Friday, July 5, 2013

Book Review: Nate the Great, San Francisco Detective by Marjorie Weinman Sharmat and Mitchell Sharmat

Stars: 4 out of 5
Pros: Great mystery in a new setting
Cons: Chapters?  Missing the regular supporting characters
The Bottom Line
Tracking a joke book
Is no laughing matter for
This young detective

Nate the Great and the Missing San Francisco Joke Book

A detective can never go on vacation without running across a case.  I think it's a law or something.  It even holds true for young detectives who star in picture books.  You need look no further than Nate the Great, San Francisco Detective to see the proof.

Nate the Great and his dog Sludge are on vacation to San Francisco.  They are supposed to be visiting his cousin Olivia, but when they arrive she is out on several cases of her own.
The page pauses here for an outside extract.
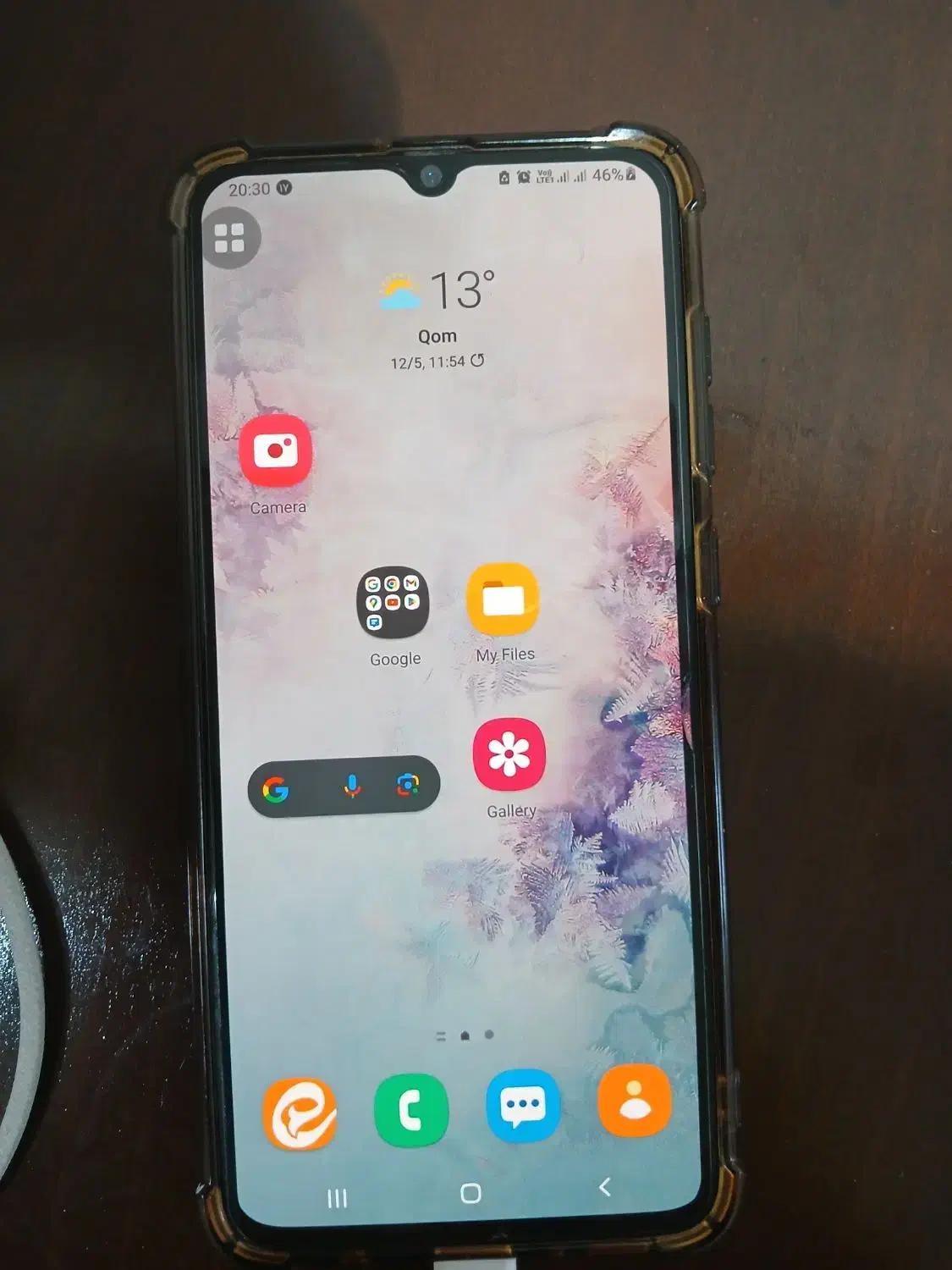 موبایلa70|موبایل|قم, مسجد امام حسن|دیوار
One of her current cases is finding the joke book that Duncan misplaced.  He's desperate to find it so he can keep a promise to tell a joke that afternoon.  So Nate begins to try to find the book.  Will he be able to track it down by the deadline?

Despite a new setting, most of the conventions of the series are still in play.  Nate the Great solving a case without adults around seems a little different in a big city, although there is a chauffeur around in this one.  Then again, it's a kid's mystery, and adults are usually the background characters in those anyway.

The case itself is fairly usual for the series - Nate is looking for something that someone lost.  Eventually, he puts together a couple of clues and figures out where it is.  What amazes me is that the clues are always there.  Even though it is a picture book series, the author plays fair with the reader.  Which is why I felt a little silly when I didn't figure this one out.

The book is written with the classic short chapters and mostly familiar words that make it a good choice for beginning readers ready for the next step.  And there's just a hint of humor to spice things up.  The illustrations are by Martha Weston, and she has put her own touch on things while mostly keeping true to the classic look of the characters and water color feel for the pictures.

But there were a couple of things that threw me off.  I missed the regular characters from the series.  They make a brief appearance, but I found I really missed their quirkiness. Duncan is okay, but he just doesn't quite measure up, and he's really the only character besides Nate here.

Additionally, this book is divided into 10 chapters.  I don’t know why, but that is really bugging me.  It's not any longer than the others in the series, so I don't see the need.  I know it's superficial and irrelevant, but there you go.

Nate the Great, San Francisco Detective tries some new things.  It certainly entertains if not all the changes were winners.